Ainda assim, Whelan levantou uma questão importante que incomoda jornalistas, na medida em que eles fazem amizades, apaixonam-se e têm uma vida fora das redações. O NYTimes tem normas para possíveis conflitos de interesses e o caso de Linda indica que elas devem ser revistas. Segundo as regras atuais, os repórteres devem ser sensíveis a potenciais conflitos de interesses e discuti-los com seus supervisores. Em alguns casos, é suficiente apenas avisar aos editores. Em outros, o repórter deve se abster de cobrir o tema ou mudar de editoria. Hoyt sente falta das regras não abordarem a necessidade de revelação de parentesco ou envolvimento pessoal ao público.

Linda diz que, antes de cobrir o primeiro caso, conversou com Philip Taubman, chefe de redação na época, que concordou que ela não deveria escrever sobre o assunto se seu marido representasse o partido na Suprema Corte. Caso ele não representasse, ela não teria problemas em fazer a cobertura. Segundo Jill Abramson, editora de notícias, o fato foi discutido com outros editores, que chegaram à conclusão de que a experiência de Linda sobre o assunto seria extremamente importante para a cobertura do caso. ‘O profissionalismo de Linda ao longo destes anos é inquestionável. […] Como muitos jornalistas, ela consegue se afastar do ponto de vista de amigos e de seu marido para escrever’, opina Jill.
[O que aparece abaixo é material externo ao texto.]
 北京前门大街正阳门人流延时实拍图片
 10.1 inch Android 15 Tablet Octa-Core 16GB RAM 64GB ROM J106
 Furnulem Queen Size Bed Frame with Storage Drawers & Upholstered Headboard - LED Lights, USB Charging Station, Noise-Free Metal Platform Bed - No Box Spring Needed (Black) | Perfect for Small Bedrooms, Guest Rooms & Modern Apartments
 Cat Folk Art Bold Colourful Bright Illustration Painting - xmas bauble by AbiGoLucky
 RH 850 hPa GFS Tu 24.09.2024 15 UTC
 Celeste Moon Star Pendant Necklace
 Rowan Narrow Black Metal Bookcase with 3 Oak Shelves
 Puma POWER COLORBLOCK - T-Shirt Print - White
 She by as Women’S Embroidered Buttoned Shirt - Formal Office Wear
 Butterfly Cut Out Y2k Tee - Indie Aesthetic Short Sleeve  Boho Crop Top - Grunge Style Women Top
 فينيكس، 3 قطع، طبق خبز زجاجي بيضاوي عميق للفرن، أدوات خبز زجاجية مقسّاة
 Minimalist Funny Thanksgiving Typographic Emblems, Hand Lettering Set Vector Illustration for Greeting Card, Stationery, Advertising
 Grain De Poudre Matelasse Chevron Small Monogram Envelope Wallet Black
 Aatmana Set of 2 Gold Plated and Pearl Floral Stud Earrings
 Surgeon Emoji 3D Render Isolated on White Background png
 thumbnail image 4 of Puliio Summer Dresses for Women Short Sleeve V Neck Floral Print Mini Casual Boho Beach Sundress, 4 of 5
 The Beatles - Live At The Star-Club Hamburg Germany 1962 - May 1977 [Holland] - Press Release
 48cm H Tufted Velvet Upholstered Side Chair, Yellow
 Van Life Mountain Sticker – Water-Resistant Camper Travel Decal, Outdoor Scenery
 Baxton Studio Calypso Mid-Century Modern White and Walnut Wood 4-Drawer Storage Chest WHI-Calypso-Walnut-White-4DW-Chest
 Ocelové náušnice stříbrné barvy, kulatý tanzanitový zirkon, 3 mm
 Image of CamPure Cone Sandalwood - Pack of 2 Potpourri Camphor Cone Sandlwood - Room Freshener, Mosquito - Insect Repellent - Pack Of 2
Já Lee Wilkins, professor de jornalismo da Universidade do Missouri, vê a situação por outro ângulo. Para ele, Linda está escrevendo sobre algo no qual seu marido está envolvido, e o NYTimes não está contando isto aos leitores. Hoyt diz que, se fosse editor da repórter, não a tiraria da cobertura, mas acompanharia atentamente o envolvimento de Fidell no caso, podendo rever, no futuro, sua decisão. O ombudsman afirma ainda que revelaria ao público a relação existente entre os dois.